Write out exactly what each line says, starting with the first line below and ending on the one with "Лот: 6368145. Фото: 1.".
DATA TO EXAMINE Start Marker
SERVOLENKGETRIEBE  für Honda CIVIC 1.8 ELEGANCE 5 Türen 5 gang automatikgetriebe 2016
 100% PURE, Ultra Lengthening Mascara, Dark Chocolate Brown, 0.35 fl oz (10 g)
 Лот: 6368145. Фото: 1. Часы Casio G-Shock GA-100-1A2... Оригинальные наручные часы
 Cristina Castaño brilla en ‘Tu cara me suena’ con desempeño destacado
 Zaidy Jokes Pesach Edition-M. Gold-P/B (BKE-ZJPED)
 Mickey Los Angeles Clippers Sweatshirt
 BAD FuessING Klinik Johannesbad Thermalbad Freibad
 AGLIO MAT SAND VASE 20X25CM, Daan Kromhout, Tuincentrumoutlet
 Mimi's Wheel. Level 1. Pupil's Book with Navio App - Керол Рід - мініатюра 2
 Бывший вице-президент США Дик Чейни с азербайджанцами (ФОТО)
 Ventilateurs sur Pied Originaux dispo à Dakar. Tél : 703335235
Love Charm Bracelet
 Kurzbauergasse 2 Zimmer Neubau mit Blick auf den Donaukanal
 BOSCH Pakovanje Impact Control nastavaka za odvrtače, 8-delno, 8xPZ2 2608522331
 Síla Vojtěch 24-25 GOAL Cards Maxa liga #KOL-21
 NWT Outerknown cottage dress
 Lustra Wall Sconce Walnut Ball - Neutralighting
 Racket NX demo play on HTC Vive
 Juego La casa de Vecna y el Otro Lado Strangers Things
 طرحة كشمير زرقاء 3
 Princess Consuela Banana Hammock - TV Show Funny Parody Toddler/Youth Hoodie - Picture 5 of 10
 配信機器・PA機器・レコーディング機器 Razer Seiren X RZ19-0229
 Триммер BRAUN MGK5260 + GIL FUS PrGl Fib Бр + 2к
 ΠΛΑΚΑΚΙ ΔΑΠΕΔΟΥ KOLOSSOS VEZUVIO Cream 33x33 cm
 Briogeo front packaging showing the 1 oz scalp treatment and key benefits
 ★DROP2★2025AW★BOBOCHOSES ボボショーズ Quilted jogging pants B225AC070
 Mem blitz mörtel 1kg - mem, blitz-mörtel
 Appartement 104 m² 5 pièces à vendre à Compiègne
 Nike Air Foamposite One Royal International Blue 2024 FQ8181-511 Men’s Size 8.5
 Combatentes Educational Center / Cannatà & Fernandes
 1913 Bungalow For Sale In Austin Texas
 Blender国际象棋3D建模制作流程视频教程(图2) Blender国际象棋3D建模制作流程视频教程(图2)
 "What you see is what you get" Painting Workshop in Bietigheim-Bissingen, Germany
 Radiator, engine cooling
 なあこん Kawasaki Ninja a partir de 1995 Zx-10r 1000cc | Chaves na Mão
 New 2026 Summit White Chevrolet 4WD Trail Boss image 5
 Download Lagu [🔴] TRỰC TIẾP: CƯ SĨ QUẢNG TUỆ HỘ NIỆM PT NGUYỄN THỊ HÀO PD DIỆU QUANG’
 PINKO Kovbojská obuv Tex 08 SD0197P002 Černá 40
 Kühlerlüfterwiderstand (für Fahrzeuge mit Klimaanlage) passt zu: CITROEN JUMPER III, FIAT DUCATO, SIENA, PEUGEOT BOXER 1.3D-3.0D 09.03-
DATA TO EXAMINE End Marker
**WRITTEN ANSWER**
SERVOLENKGETRIEBE  für Honda CIVIC 1.8 ELEGANCE 5 Türen 5 gang automatikgetriebe 2016
 100% PURE, Ultra Lengthening Mascara, Dark Chocolate Brown, 0.35 fl oz (10 g)
 Лот: 6368145. Фото: 1. Часы Casio G-Shock GA-100-1A2... Оригинальные наручные часы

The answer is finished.